Task to carry out
Across the records below, how many lines include the string "Online"? Respond with the number only.

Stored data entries

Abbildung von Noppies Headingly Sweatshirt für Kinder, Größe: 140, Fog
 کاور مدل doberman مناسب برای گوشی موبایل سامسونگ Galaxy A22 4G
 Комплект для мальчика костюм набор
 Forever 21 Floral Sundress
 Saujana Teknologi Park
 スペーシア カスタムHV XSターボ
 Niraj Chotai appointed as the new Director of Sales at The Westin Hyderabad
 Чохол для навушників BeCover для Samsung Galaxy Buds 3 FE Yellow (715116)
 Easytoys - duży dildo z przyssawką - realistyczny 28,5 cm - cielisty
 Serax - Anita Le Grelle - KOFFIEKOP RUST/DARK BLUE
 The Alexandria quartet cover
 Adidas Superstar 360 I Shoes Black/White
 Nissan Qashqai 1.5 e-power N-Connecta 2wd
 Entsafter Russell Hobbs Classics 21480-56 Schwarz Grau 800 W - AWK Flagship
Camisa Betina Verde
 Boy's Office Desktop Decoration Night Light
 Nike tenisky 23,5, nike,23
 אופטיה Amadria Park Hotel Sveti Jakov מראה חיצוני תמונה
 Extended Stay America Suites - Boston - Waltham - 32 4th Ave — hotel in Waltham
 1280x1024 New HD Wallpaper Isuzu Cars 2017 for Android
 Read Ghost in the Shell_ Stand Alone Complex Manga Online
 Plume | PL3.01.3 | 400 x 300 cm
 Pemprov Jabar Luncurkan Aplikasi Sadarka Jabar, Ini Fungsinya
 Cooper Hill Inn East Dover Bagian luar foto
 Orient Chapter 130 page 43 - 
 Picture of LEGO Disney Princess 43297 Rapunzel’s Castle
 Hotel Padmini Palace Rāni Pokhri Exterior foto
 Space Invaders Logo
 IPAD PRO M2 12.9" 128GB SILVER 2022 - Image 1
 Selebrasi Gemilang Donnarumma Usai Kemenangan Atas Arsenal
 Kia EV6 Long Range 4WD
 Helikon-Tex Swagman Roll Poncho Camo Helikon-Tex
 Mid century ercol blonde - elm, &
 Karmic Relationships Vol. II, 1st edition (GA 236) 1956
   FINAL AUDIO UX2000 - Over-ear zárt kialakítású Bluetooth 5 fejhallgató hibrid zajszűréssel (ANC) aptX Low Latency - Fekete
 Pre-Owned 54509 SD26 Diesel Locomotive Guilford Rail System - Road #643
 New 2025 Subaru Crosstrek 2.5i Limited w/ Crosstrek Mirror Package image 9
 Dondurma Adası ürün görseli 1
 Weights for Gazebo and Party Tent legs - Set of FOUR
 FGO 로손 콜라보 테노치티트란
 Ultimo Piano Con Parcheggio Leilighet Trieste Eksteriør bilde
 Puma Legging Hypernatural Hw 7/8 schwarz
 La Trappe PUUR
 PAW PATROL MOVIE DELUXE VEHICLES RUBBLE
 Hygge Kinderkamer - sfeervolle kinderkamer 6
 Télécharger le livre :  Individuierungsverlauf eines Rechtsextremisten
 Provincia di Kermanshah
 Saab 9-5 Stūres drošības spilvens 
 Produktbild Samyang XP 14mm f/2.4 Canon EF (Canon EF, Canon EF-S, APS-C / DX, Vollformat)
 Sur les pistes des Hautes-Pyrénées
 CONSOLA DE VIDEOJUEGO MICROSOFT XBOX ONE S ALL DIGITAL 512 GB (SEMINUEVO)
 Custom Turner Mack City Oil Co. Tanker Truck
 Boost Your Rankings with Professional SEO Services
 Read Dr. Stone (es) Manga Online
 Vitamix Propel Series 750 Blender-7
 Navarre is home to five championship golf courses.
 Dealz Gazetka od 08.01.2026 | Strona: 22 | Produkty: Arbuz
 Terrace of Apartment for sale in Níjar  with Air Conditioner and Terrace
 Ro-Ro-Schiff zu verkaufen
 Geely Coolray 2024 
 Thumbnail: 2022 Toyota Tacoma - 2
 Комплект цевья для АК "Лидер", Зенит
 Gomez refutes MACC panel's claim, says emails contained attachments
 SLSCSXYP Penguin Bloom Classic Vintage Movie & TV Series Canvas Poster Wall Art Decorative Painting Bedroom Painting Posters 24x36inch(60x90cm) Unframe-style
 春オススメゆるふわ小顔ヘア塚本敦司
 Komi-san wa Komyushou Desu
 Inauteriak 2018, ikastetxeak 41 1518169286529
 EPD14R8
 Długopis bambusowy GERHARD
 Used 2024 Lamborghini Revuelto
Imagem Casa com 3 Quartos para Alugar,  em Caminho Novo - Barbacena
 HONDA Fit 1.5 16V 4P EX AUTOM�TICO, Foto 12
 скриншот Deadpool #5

Output of the task
2